Section 18C makes it unlawful to publicly act in a manner that is “reasonably likely” to offend, insult, humiliate or intimidate a person or a group based on their “race, colour or national or ethnic origin”.

This is a controversial provision, as the Coalition attempted to remove "offend" and "insult" from the section in 2014, in order to give “bigots” a chance to express themselves in public.

The complaint against Kostakidis was made amidst a political climate that involved the propagation of the idea that antisemitism was on the rise in Australia, and Sky News recently run a highly publicised documentary based on this proposition, which was entitled Never Again: The Fight Against Antisemitism.

The suggested rise in antisemitism was occurring at the same time that the suppression of any mention in the public sphere of the Gaza genocide was being promoted.

But following a Naarm-Melbourne synagogue being burnt down months later, while on Gadigal land in Sydney a three-month-long spate of graffiti and arson crimes that involved anti-Israel and antisemitic messaging erupted, and it appeared to support the idea that rampant antisemitism was a spiralling issue.

The Australian Federal Police, however, publicly revealed last month that the entire spate of “antisemitic” crimes perpetrated in the Greater Sydney region were part of an elaborate criminal hoax that sought to give organised crime figures an advantage over police. None of these crimes were fuelled by any antisemitism, but the synagogue arson attack down south remains unexplained.

The genocide erasing conflation

When Cassuto filed the complaint, claims that it was the result of the local Israel Lobby attempting to propagate the conflation of anti-Israel sentiment with prejudice against Jews wasn’t such an easy point to make. This was because back then, it was little understood, but 10 months on, the local constituency is a lot more educated about this technique.

As US academic Professor Judith Butler explained during a conference in Paris in March last year,  Israeli actors commenced propagating the conflation of Zionism with antisemitism in the 1970s, as the latter carries the weight of the Holocaust, and therefore, is a charge people want to avoid. So, construing criticism of Israel with hatred towards Jewish people makes people reluctant to criticise.

Antisemitism is a term that was coined in 1781 to describe European hatred or hostility towards adherents of Judaism, as prejudice towards Jewish people had been a significant issue across Europe for centuries, and it was such bigotry that resulted in the Nazi Holocaust against the Jews.

Zionism, however, is an ideology founded by Austro-Hungarian Jewish journalist Theodor Herzl in the late 1880s, which advocated for Israel, a Jewish state, to be created on the historical lands of the Palestinians in order to escape European persecution. But Palestinian dispossession was not a given at first, as Argentina had too been considered a viable place for a Zionist state.
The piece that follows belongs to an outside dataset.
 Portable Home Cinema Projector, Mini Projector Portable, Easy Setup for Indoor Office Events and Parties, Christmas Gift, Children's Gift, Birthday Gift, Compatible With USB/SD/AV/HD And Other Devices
Many Jewish people are not Zionists. Many Zionists are not Jewish people. There are currently more Christian Zionists in the United States then there are Jewish Zionists.

Since the 1970s, critics of Israel have been condemned as antisemites, as their anti-Zionist sentiment has been misconstrued as Jewish hate. Since October 2023, right across the Western world, critics of Israel, who are basically speaking out against a livestreamed high-tech genocide, have been labelled antisemitic and retributive actions have been taken against them, to produce a chilling effect in society.
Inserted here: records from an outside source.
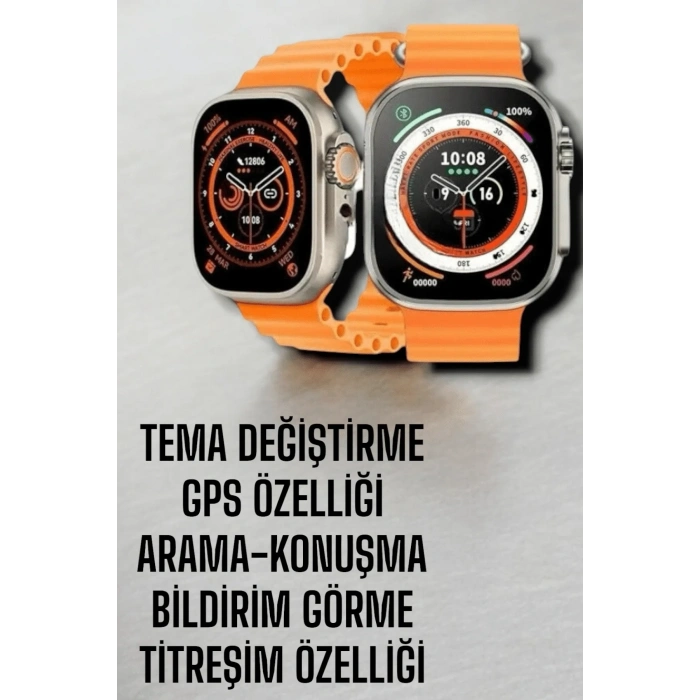 Suya Ve Toza Dayanıklı 45 Mm Akıllı Saat Bildirim Ve Cevapsız Çağrı Görüntüleme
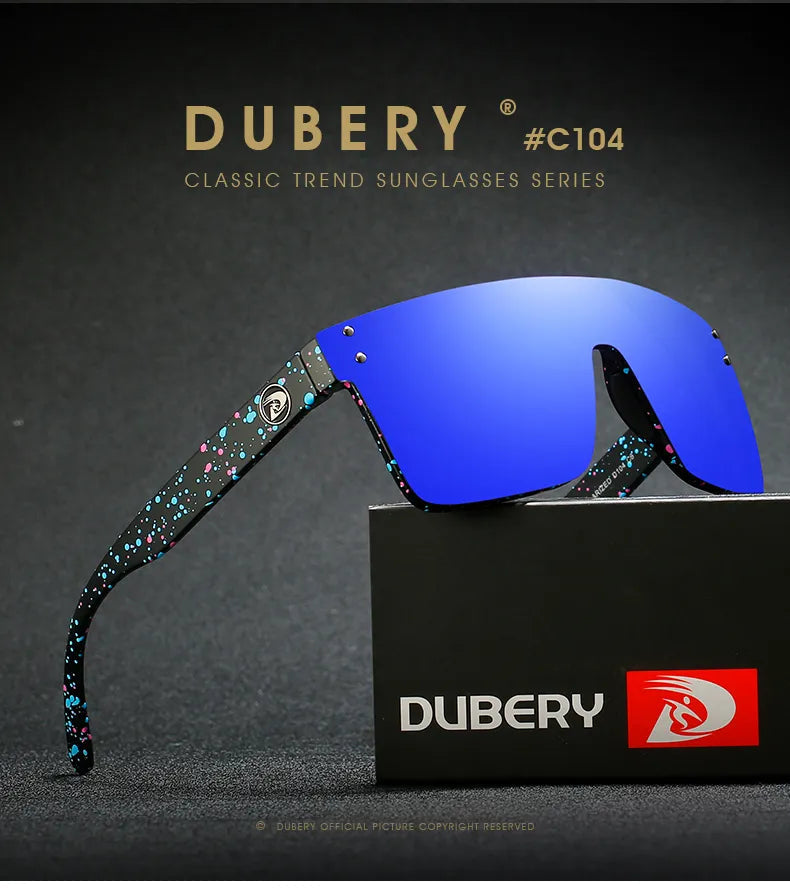 DUBERY Vintage Sunglasses Polarized Men's Sun Glasses For Men Square Shades Driving Black Retro Oculos Male 9 Colors Model 104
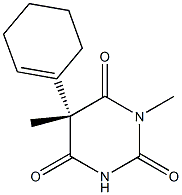 (5S)-1,5-ジメチル-5α-(シクロヘキサ-1-エニル)バルビツル酸 化学構造式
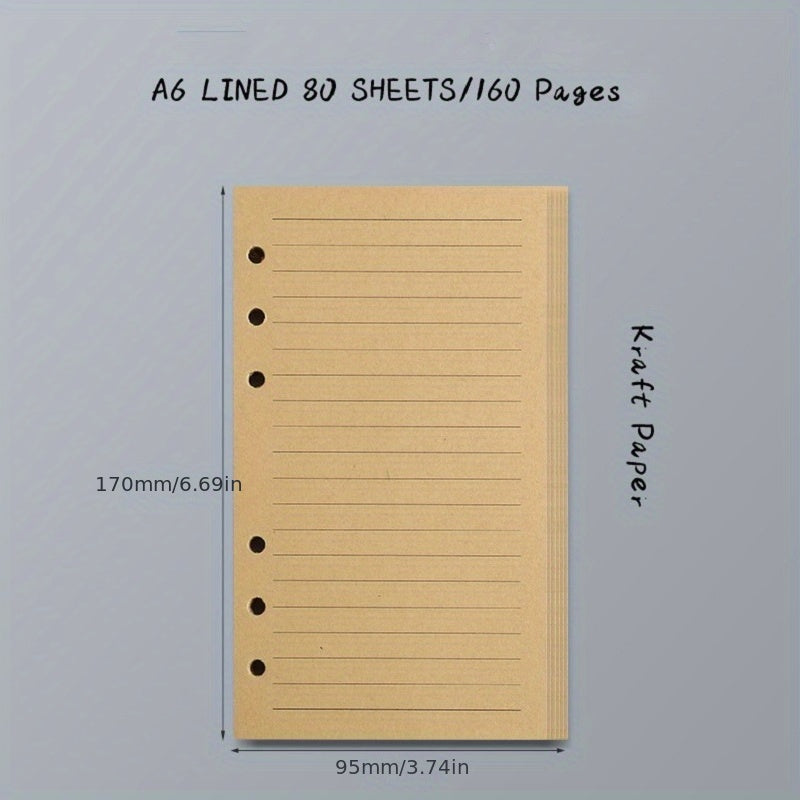A5 Binder Refill Paper College Ruled Notebook Inserts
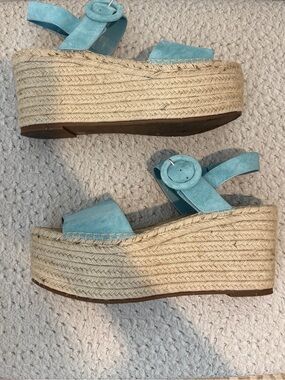 Marc Fisher Sky Blue Suede Platform Espadrille Sandal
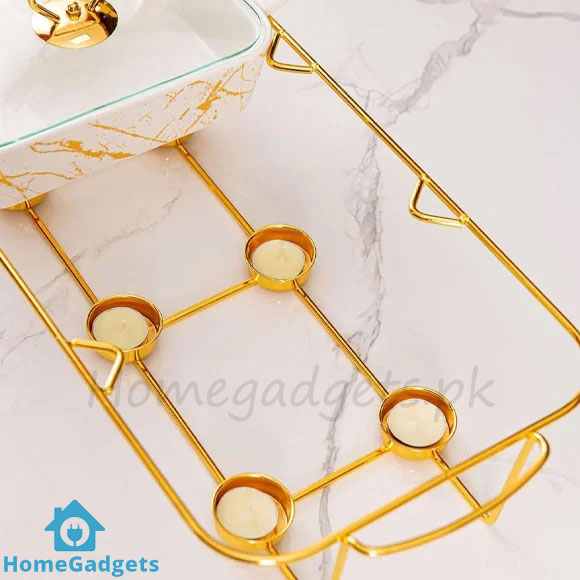 Ceramic Triple Chafing Dish Buffet Warmer 9Inch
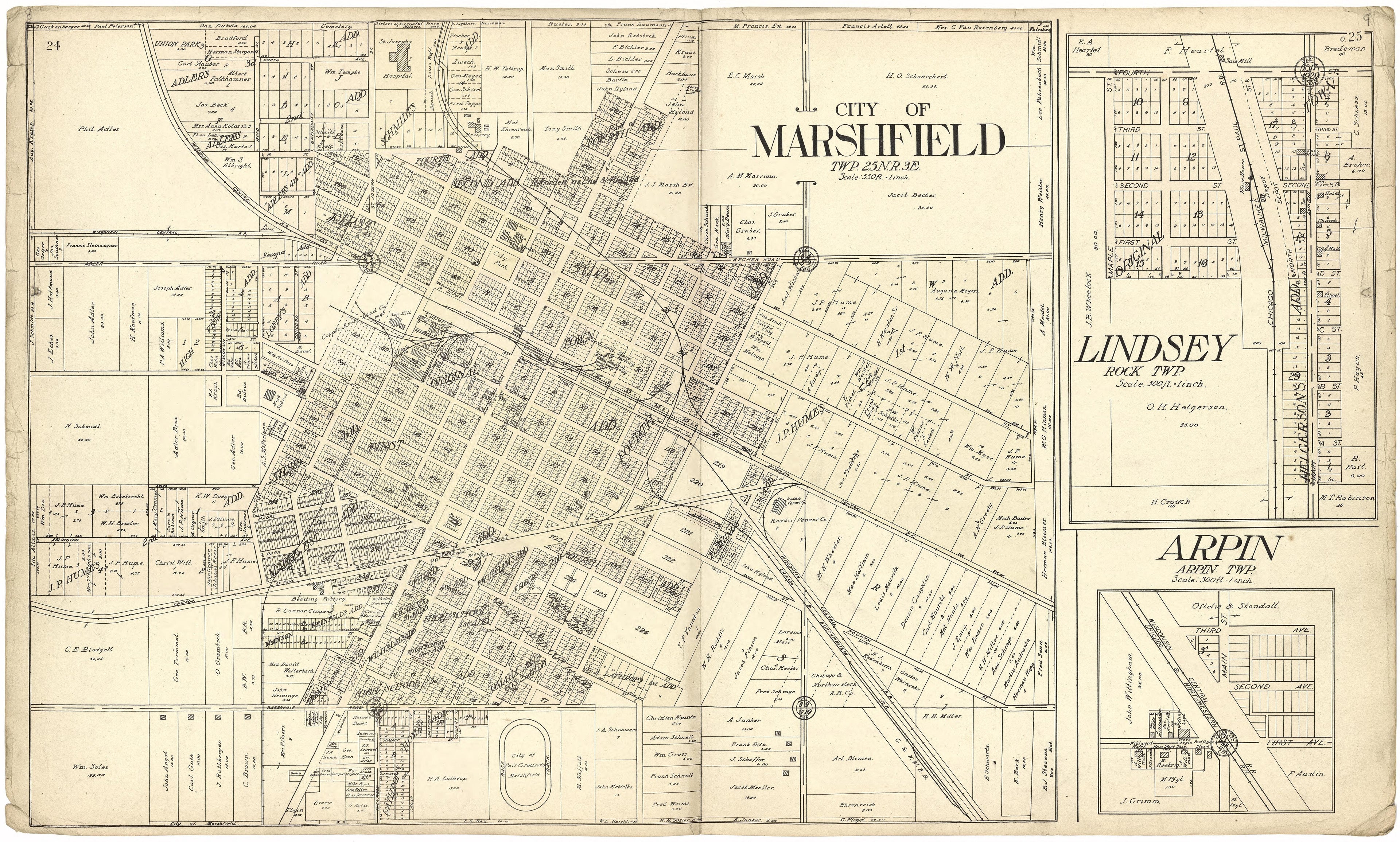 City of Marshfield; Lindsey; Arpin from Standard Atlas of Wood County, Wisconsin : Including a Plat Book of the Villages, Cities and Townships of the County, Map of the State, United States and World : Patrons Directory, Reference … 1909 by Relic Map Company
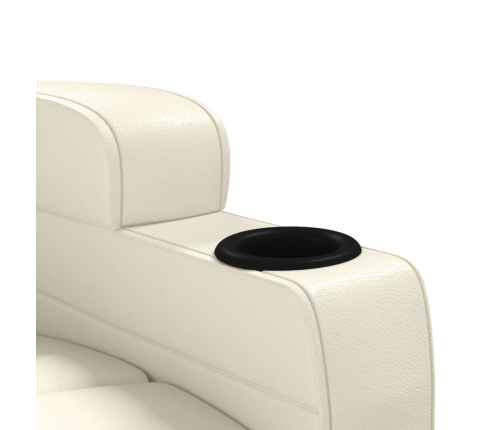 Sillón de masaje de cuero sintético blanco crema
Universities Australia announced in February that  the 39 institutions it represents have agreed to adopt a new version of antisemitism based upon the 2016-adopted IHRA (International Holocaust Remembrance Alliance) working definition of antisemitism, which does conflate certain criticisms of Israel, including questioning the state’s right to exist, with antisemitism.

Reds under the bed

Following the termination of the AHRC conciliation process in December, Kostakidis made a clarifying statement on X in January, in  which she apologised to anyone who may have misconstrued her posting of the Nasrallah speech as an endorsement. However, as she is a journalist, the content of the Lebanese leader’s speech should “not be a barrier to reporting”.
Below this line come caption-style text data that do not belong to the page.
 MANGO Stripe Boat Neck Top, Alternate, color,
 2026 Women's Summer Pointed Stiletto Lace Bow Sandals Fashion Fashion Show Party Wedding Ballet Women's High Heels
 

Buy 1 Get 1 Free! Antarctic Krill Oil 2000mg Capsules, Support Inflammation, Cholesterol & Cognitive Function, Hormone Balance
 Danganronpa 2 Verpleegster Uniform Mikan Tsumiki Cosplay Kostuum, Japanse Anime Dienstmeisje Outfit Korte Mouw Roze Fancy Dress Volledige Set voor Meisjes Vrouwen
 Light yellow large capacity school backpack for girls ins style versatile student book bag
And as Kostakidis does face court in the coming months, she may have to stand alone, but she will hardly be alone in spirit, as a great number of locals understand that as her lawyers put her right to freely criticise mass atrocities, to stand up for human rights and to reject a settler colonial entity on a killing spree, they too are fighting for the rights of all of us to speak our minds.

Kostakidis is neither alone in being singled out by the Zionist Federation for an official complaint, as many others have borne the brunt of such attacks. Palestinian Australian academic and author Dr Randa Abdel-Fattah recently had an academic grant suspended under such circumstances, while Sydney University’s Dr Nick Riemer and Professor John Keane are facing action similar to that faced by Kostakidis.

The political climate in relation to the antisemitic scare campaign, based on the unfounded notion that when people criticise Israeli state crimes this somehow signals a dislike of a religion, is not only preposterous, but is leading to a situation akin to 1950s US McCarthyism, where intellectuals were singled out and charged as communists, as part of a witch hunt by conservatives.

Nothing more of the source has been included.